Trump Administration Helping Saudi Crown Prince Cover Up Jamal Khashoggi’s Murder, Former CIA Officer Says

The Trump administration has been hesitant to place any direct blame on the Saudi ruler.

Trump Administration Helping Saudi Crown Prince Cover Up Jamal Khashoggi's Murder, Former CIA Officer Says
Chris McGrath / Getty Images

The Trump administration has been hesitant to place any direct blame on the Saudi ruler.

Donald Trump’s administration is helping the Saudi Crown Prince cover up the murder of Jamal Khashoggi, a former CIA officer turned CNN analyst claims.

CNN intelligence analyst Bob Baer said that the White House is scrambling with the apparent evidence that Crown Prince Mohammed bin Salman was directly involved in the murder of the Washington Post journalist. Baer claimed that Saudi Arabia is too volatile for the White House to push the Crown Prince out of power, so instead of creating new instability in the Middle East, the White House is forced to help cover up his alleged involvement with Khashoggi’s murder.

“Frankly the White House at this point doesn’t know what to do,” Baer said.

“We have a psychopath in Riyad controlling this country.”

The Trump administration has been hesitant to directly condemn Saudi Arabia and especially Crown Prince Mohammed for Khashoggi’s death. In the days after it was first reported that Khashoggi was murdered by a team of Saudi agents, Donald Trump said he did not want the killing to jeopardize a multi-billion dollar arms deal that the United States has struck with Saudi Arabia.

And on Tuesday, National Security Adviser John Bolton said that audio recording of Khashoggi’s murder that Turkish officials said links Saudi Arabia to his murder did not directly implicate Crown Prince Mohammed.

“That’s not the conclusion that I think the people who heard it have come to,” Bolton said at a press briefing in Singapore (via the Washington Post).
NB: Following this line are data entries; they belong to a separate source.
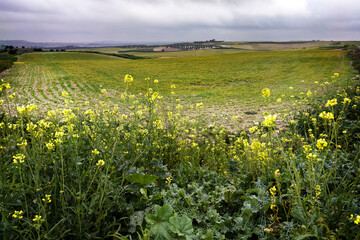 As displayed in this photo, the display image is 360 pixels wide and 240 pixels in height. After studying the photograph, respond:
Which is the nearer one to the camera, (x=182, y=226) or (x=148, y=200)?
(x=182, y=226)

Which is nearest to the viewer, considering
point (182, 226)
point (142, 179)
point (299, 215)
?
point (182, 226)

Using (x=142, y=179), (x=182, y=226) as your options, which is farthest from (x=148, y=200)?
(x=182, y=226)

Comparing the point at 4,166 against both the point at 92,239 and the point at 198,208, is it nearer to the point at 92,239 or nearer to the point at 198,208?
the point at 92,239

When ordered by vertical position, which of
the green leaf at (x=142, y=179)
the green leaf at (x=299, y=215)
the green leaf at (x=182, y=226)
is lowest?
the green leaf at (x=299, y=215)

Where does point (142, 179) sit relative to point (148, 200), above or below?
above

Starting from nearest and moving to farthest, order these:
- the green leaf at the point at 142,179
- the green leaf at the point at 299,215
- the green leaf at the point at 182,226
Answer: the green leaf at the point at 182,226 < the green leaf at the point at 299,215 < the green leaf at the point at 142,179

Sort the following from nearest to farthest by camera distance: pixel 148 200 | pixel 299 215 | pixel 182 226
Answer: pixel 182 226 → pixel 299 215 → pixel 148 200

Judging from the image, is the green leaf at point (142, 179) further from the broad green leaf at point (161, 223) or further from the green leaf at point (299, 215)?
the green leaf at point (299, 215)

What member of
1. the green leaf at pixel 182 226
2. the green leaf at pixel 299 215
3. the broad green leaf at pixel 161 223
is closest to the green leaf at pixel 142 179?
the broad green leaf at pixel 161 223

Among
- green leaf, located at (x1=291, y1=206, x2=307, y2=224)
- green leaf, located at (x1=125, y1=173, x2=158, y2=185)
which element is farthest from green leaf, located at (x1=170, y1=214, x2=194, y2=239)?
green leaf, located at (x1=291, y1=206, x2=307, y2=224)

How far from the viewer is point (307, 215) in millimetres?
2418

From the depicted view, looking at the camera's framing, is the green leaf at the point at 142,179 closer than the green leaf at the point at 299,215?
No

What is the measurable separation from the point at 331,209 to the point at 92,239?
103 inches

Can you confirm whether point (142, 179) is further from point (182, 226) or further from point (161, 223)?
point (182, 226) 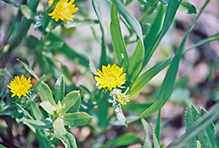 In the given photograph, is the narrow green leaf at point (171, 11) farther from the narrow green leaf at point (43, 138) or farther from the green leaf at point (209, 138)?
the narrow green leaf at point (43, 138)

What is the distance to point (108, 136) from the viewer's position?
61.7 inches

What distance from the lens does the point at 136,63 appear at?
0.92 meters

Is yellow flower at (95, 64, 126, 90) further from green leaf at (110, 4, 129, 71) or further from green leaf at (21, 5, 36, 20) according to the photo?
green leaf at (21, 5, 36, 20)

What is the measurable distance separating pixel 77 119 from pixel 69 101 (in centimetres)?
8

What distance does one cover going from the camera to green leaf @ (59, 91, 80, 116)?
2.60ft

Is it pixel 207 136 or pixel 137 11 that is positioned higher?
pixel 137 11

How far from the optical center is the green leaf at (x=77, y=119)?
771mm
After initially denying any knowledge of involvement in Jamal Khashoggi’s murder, Saudi officials have since offered a series of changing explanations for how he was killed. They initially said he died in a fist fight, then said Khashoggi was killed unintentionally before finally admitting that his killing was premeditated.

Turkish President Tayyip Erdogan has taken a more direct stance on the killing, blaming Saudi Arabia and saying the murder was ordered from the “highest levels” of the Saudi government.

Erdogan said he has called on Saudi Arabia for an explanation but has not yet gotten a response.

“The crown prince says, ‘I will clarify the matter, I will do what is necessary.’ We are waiting patiently,” he said.

Meanwhile, there is increasing evidence that there was much-advanced planning of Jamal Khashoggi’s murder. A recent report from the New York Times claimed that last year, Saudi officials had sought information about using private companies to assassinate Iranian enemies.